TOP STORY >> Farmers’ pal retires after long career

Jeff Welch is standing by Don L. Kitler’s zero-grade rice field adjacent to the Lonoke County Extension Service on Hwy. 70. The rice has been harvested and Kitler hasn’t released the recent rainwater on the field.
 By JOHN HOFHEIMER
Leader senior staff writer

He grew up in Havana (Yell County), and his family had a farm nearby, but Jeff Welch didn’t want to farm for a living. Neither did he set out to be chairman and agricultural agent for the University of Arkansas Extension Service.

Now he’s drawing to the end of a 30-year career helping Lonoke County farmers know what to plant, what new varieties might be good for them, telling them when pesticides might be appropriate and helping introduce them to new technology and new ways of doing things.

To some farmers in financial trouble, his advice can save as much as $150 an acre, which would be $150,000 on a 1,000-acre farm, which in Arkansas is a common size.

The equation for profit in any manufacturing enterprise is yield times price, minus cost of production, he said, and crop production is no different.

A farmer’s “factory” is his farm, Welch said. He’s the manager of that factory, and each crop is its own subsidiary factory. Whether in the air-conditioned cab of his tractor, computers at his side or in his farm office or shop, he’s managing his factory.

If you lower yield with a cheaper seed and less expensive herbicides and pesticides, the lower cost of production can make it a profitable year, he said, assuming weather doesn’t intervene. And crop insurance has bailed out many Lonoke County farmers after floods lowered their yields or hail beat down a crop.

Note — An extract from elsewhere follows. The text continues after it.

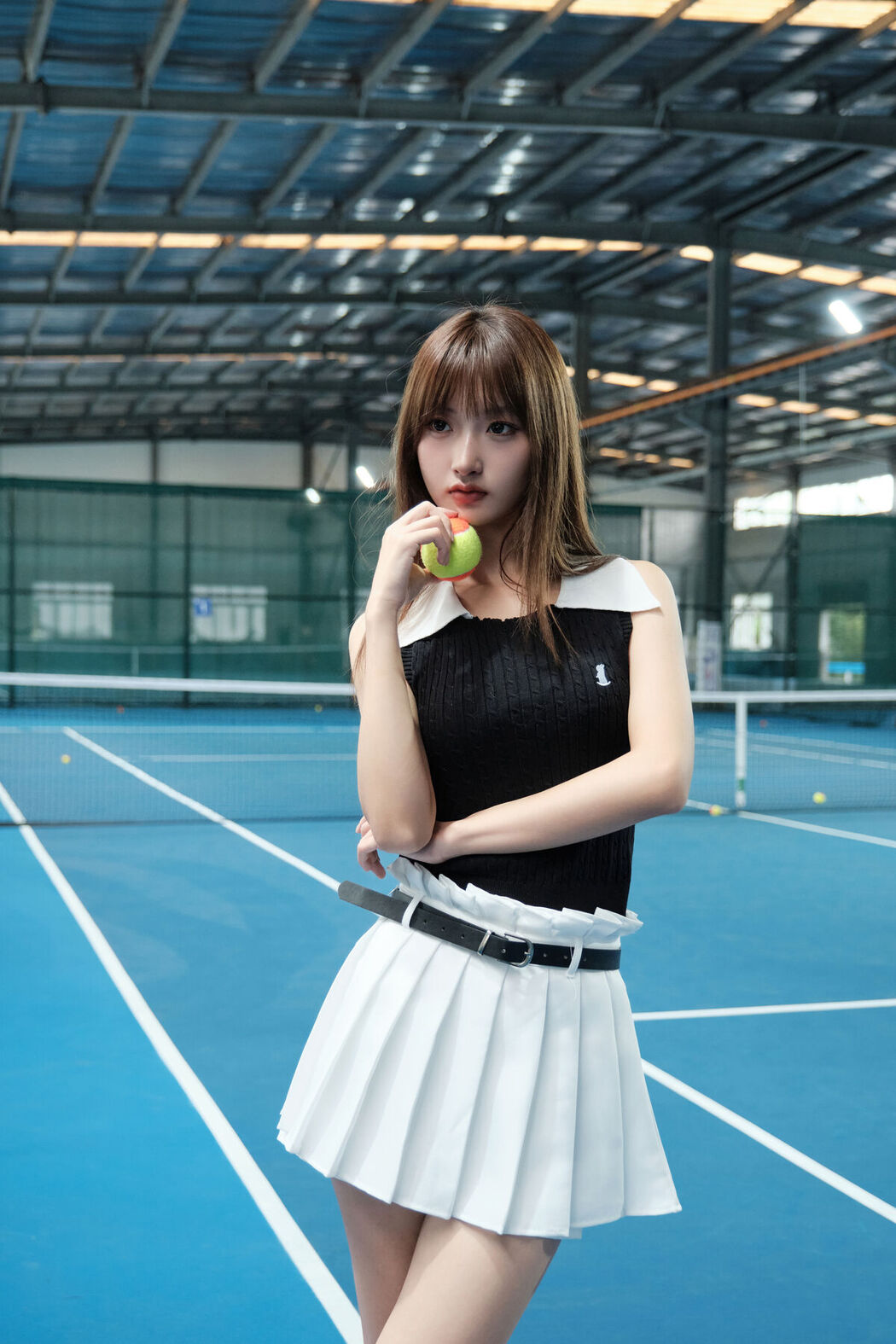 YiTuYu艺图语 Vol.7624 Chen Nian Xiao Jiu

That’s among the advantages that Lonoke County’s rice, soybean, corn, wheat, milo and cotton farmers have over the handful of farmers—mostly in the Cabot area—who raise fruit and vegetables, he said. A bad year or two in that business, without a safety net, can send a farmer to town for a job.

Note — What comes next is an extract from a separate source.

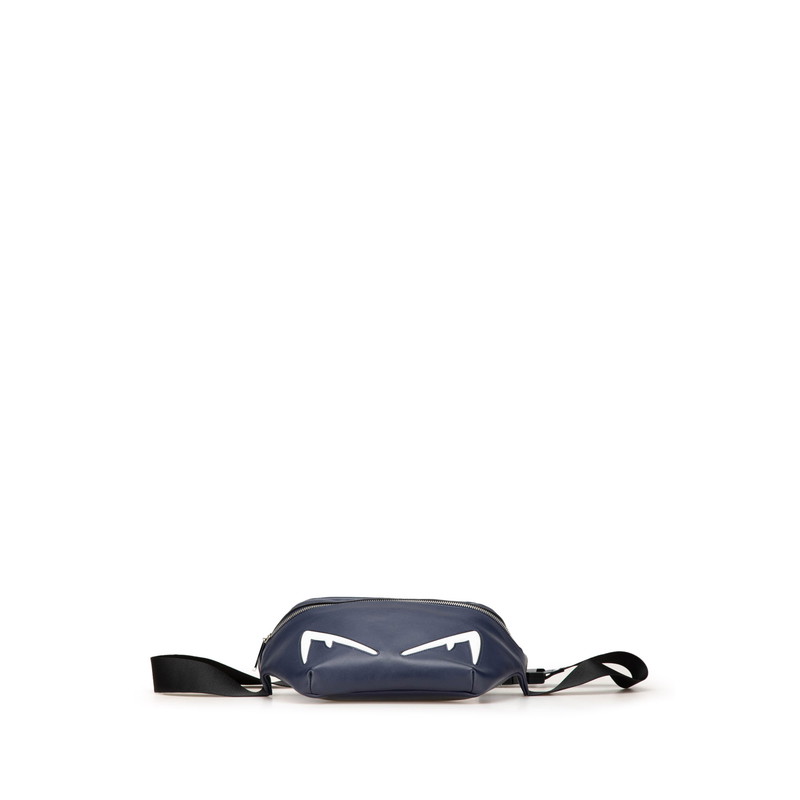 FENDI Bugseye Waist bag Body bag 7VA434 mens 【Used】 | eBay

But with the beans and grains, “We’ve always had to go to the bank to put in a crop,” he said. Even with a couple bad years, “You may lose some money but you won’t lose the farm.” That’s the result of crop insurance.

Welch worked on his father and uncle’s commercial Angus farm as a boy and a young man.

After graduation from Havana High School, Welch graduated from the University of Arkansas at Fayetteville with a Bachelors Degree in zoology and a Master’s Degree in entomology.

After that, he worked as a salesman for DuPont for six years and Burst Agricultural for two or three years selling plant growth regulator in sales regions as large as six states.

He was dating my wife in Fort Smith but I was on the road, he said.

So when a job as an agricultural agent at the Pine Bluff Extension Service opened up in 1986, he says he jumped on it.

By 1987, he transferred to the Lonoke Extension Service, and just settled in.

“I wanted my kids to grow up in one place,” he said. Lonoke had “continuity from kindergarten through 12th grade.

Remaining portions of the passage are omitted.